Almerigo come Don Chisciotte…

di Mario M. Merlino


Sono stato, ormai un paio d’anni fa, al piccolo cimitero di Anguillara, sulle rive del lago di Bracciano. Vi sono sepolte Palmira ed Elena, gemelle: la prima per un incidente d’auto mai chiarito; l’altra per uno di quei mali che non perdonano. Di Palmira ho visto solo una foto che Leda conservava con religiosa pietas accanto a quella di Riccardo. Dicono che si volessero bene. Elena la conobbi diverso tempo dopo, in piazza Tuscolo, ai tavolini all’aperto del bar Valentini. Fu una frequentazione fugace. Ancora dopo altro tempo ne ho avuto notizia. Allora mi sono fatto portare dove stanno insieme, ho comprato una lattina di birra. Ne ho bevuto un sorso e il resto del contenuto sul bianco freddo marmo.
Oggi, 13 aprile, Almerigo Grilz avrebbe compiuto sessant’anni. Non potendo cavalcare Ronzinante, si armò di macchina fotografica, un paio di occhiali neri, un cappellaccio e via per il mondo, là dove i mulini a vento conoscono il combattimento, la morte.  Nelle isole filippine in Afghanistan nel Mozambico…lontano fisicamente dall’Italia per inseguire un sogno d’avventura che lo rendeva estraneo a questo nostro paese. Un paese che tacitava o relegava ai suoi margini poche bande di un terrorismo senza speranza e forse, ormai, anche senza ideale.

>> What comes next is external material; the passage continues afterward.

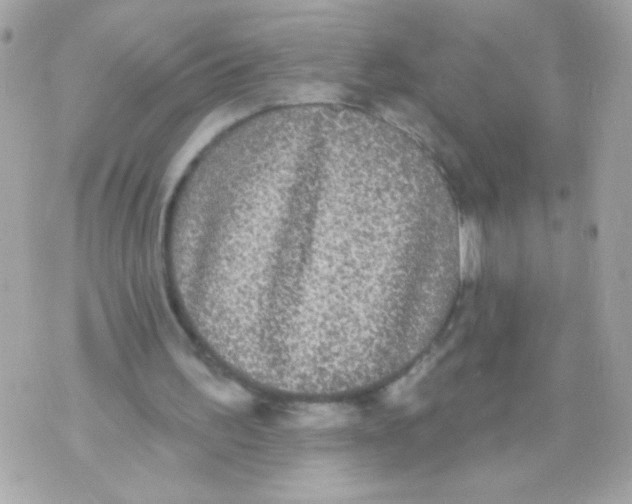 X0000070340195200607072021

Gian e Franco si recano in Mozambico, decisi a recuperare ciò che resta di Almerigo. Seguono le tracce del suo passaggio, del corpo che i guerriglieri della Renamo hanno portato con loro. Hanno fortuna. Un vecchio soldato, che aveva partecipato agli scontri con i ribelli, indica loro una quercia ai cui piedi è stato sotterrato. S’è fatta notte, il fuoco li riscalda e gioca con le loro ombre. Hanno corti badili per scavare il terreno, una cassetta in legno. No. Pur giunti apparentemente tanto determinati, no, sanno che egli resterà lì. Ognuno giace là dove ha incontrato la morte perché ogni luogo ove si combatte, quando si è consapevoli e lo si è liberamente scelto, appartiene dell’Idea… Stappano una bottiglia di vino, ne versano una parte sul tronco rugoso brindano a quell’eterno ‘Presente!’ che trasforma in comunità i vivi ed i morti.

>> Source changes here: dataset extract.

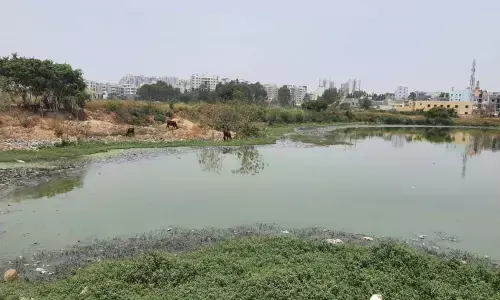 After public outcry, authorities wake up to rejuvenate Shikaripalya lake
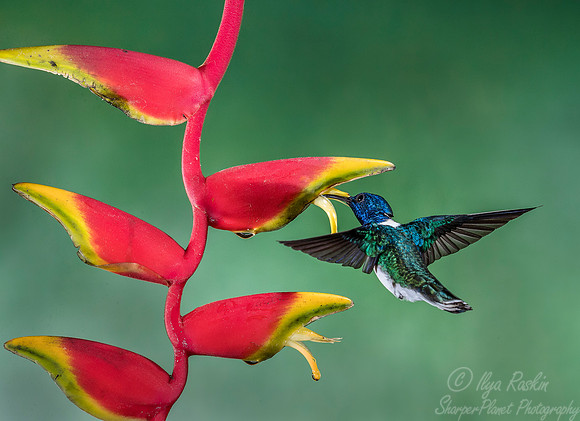 100  White-necked Jacobin male (Florisuga mellivora) - Costa Rica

Anche Ernesto Guevara, divenuto famoso come ‘ il Che’ per l’intercalare tipico dell’argentino, prima di andarsi ad inforestare nella jungla boliviana, scrive nell’ultima sua lettera di essere montato di nuovo sul cavallo di Don Chisciotte. Ed anche lui se ne va per il mondo, con il basco e la stella a cinque punte, ‘a cercar la bella morte’… Che, poi, utilizzasse le categorie linguistiche del marxismo e che forse fosse anche modesto come capo di un piccolo gruppo di sprovveduti ed esaltati guerriglieri, conta ben poco.

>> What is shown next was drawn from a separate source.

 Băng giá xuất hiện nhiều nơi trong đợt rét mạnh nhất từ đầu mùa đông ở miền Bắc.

Qui non mi interessa mettere in risalto le diverse barricate ideologiche, le molteplici contrapposizioni militanti, i referenti storico-culturali. (E, confesso, mi interessano sempre meno tout-court!). Ciò che mi conta è rendere la vita un grande sogno, un ideale (che è altra cosa dall’ideologia e dintorni), un essere contro e avvertire ogni confine, anche quello più distante ed esteso, premessa di un universo concentrazionario.
Sulle insegne di Guglielmo il Taciturno spiccava il motto: ‘non occorre riuscire per perseverare né sperare per intraprendere’… E, allora, rispetto ad un sì o ad un no; di fronte alla vittoria e alla sconfitta; alla dialettica che vuole la vita ad versus la morte; beh, birra o vino nello zaino per la buona battaglia e un brindisi comunque e nonostante tutto. Come quel mercenario di Lucera che nel tascapane ha ‘solo una bottiglia e un’oncia di tabacco’.